- [DATASET ENTRIES]:
....
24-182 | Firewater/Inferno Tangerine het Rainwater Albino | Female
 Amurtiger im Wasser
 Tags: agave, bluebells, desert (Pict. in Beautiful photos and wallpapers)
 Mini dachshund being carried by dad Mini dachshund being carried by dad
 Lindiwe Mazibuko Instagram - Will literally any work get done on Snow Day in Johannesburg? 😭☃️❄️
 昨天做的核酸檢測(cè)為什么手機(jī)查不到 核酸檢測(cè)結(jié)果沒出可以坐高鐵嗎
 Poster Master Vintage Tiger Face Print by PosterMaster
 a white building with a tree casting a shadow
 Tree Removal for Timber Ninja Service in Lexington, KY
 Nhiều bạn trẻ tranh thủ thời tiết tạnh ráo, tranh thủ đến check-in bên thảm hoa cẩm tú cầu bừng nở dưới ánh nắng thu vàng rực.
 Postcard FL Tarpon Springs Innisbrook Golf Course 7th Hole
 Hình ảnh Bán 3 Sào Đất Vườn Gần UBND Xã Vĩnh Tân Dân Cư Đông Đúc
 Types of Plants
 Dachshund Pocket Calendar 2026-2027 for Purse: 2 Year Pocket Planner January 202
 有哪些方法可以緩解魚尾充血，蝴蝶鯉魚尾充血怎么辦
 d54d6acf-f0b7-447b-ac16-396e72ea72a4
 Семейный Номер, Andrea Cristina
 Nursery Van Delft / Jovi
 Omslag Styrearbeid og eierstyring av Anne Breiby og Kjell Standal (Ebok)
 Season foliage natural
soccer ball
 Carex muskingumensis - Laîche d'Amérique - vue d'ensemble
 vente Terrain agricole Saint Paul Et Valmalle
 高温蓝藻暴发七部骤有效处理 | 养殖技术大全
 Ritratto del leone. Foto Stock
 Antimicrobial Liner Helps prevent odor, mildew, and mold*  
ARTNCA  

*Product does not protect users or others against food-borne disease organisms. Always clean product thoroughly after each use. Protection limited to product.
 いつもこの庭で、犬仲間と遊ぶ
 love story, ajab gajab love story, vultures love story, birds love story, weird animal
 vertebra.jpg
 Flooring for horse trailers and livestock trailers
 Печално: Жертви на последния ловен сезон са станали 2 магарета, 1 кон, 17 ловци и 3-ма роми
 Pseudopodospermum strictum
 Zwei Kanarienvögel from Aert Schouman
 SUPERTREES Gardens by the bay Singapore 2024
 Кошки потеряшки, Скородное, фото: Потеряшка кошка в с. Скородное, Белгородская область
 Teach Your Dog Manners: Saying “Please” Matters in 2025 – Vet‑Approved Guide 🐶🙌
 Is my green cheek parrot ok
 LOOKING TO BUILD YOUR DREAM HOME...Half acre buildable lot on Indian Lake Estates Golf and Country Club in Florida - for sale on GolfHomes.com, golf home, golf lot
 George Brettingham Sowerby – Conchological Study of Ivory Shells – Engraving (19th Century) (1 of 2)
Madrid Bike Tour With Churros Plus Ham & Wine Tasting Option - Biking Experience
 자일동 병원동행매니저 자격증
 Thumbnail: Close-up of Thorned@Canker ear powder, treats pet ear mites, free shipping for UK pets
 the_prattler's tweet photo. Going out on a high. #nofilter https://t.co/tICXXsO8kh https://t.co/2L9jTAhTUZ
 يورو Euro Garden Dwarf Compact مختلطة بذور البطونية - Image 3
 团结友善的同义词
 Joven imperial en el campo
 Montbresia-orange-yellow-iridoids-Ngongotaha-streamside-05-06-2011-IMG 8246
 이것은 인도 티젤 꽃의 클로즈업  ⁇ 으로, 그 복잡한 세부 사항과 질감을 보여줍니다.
....
Your job is to reproduce the listing exactly.

24-182 | Firewater/Inferno Tangerine het Rainwater Albino | Female
 Amurtiger im Wasser
 Tags: agave, bluebells, desert (Pict. in Beautiful photos and wallpapers)
 Mini dachshund being carried by dad Mini dachshund being carried by dad
 Lindiwe Mazibuko Instagram - Will literally any work get done on Snow Day in Johannesburg? 😭☃️❄️
 昨天做的核酸檢測(cè)為什么手機(jī)查不到 核酸檢測(cè)結(jié)果沒出可以坐高鐵嗎
 Poster Master Vintage Tiger Face Print by PosterMaster
 a white building with a tree casting a shadow
 Tree Removal for Timber Ninja Service in Lexington, KY
 Nhiều bạn trẻ tranh thủ thời tiết tạnh ráo, tranh thủ đến check-in bên thảm hoa cẩm tú cầu bừng nở dưới ánh nắng thu vàng rực.
 Postcard FL Tarpon Springs Innisbrook Golf Course 7th Hole
 Hình ảnh Bán 3 Sào Đất Vườn Gần UBND Xã Vĩnh Tân Dân Cư Đông Đúc
 Types of Plants
 Dachshund Pocket Calendar 2026-2027 for Purse: 2 Year Pocket Planner January 202
 有哪些方法可以緩解魚尾充血，蝴蝶鯉魚尾充血怎么辦
 d54d6acf-f0b7-447b-ac16-396e72ea72a4
 Семейный Номер, Andrea Cristina
 Nursery Van Delft / Jovi
 Omslag Styrearbeid og eierstyring av Anne Breiby og Kjell Standal (Ebok)
 Season foliage natural
soccer ball
 Carex muskingumensis - Laîche d'Amérique - vue d'ensemble
 vente Terrain agricole Saint Paul Et Valmalle
 高温蓝藻暴发七部骤有效处理 | 养殖技术大全
 Ritratto del leone. Foto Stock
 Antimicrobial Liner Helps prevent odor, mildew, and mold*  
ARTNCA  

*Product does not protect users or others against food-borne disease organisms. Always clean product thoroughly after each use. Protection limited to product.
 いつもこの庭で、犬仲間と遊ぶ
 love story, ajab gajab love story, vultures love story, birds love story, weird animal
 vertebra.jpg
 Flooring for horse trailers and livestock trailers
 Печално: Жертви на последния ловен сезон са станали 2 магарета, 1 кон, 17 ловци и 3-ма роми
 Pseudopodospermum strictum
 Zwei Kanarienvögel from Aert Schouman
 SUPERTREES Gardens by the bay Singapore 2024
 Кошки потеряшки, Скородное, фото: Потеряшка кошка в с. Скородное, Белгородская область
 Teach Your Dog Manners: Saying “Please” Matters in 2025 – Vet‑Approved Guide 🐶🙌
 Is my green cheek parrot ok
 LOOKING TO BUILD YOUR DREAM HOME...Half acre buildable lot on Indian Lake Estates Golf and Country Club in Florida - for sale on GolfHomes.com, golf home, golf lot
 George Brettingham Sowerby – Conchological Study of Ivory Shells – Engraving (19th Century) (1 of 2)
Madrid Bike Tour With Churros Plus Ham & Wine Tasting Option - Biking Experience
 자일동 병원동행매니저 자격증
 Thumbnail: Close-up of Thorned@Canker ear powder, treats pet ear mites, free shipping for UK pets
 the_prattler's tweet photo. Going out on a high. #nofilter https://t.co/tICXXsO8kh https://t.co/2L9jTAhTUZ
 يورو Euro Garden Dwarf Compact مختلطة بذور البطونية - Image 3
 团结友善的同义词
 Joven imperial en el campo
 Montbresia-orange-yellow-iridoids-Ngongotaha-streamside-05-06-2011-IMG 8246
 이것은 인도 티젤 꽃의 클로즈업  ⁇ 으로, 그 복잡한 세부 사항과 질감을 보여줍니다.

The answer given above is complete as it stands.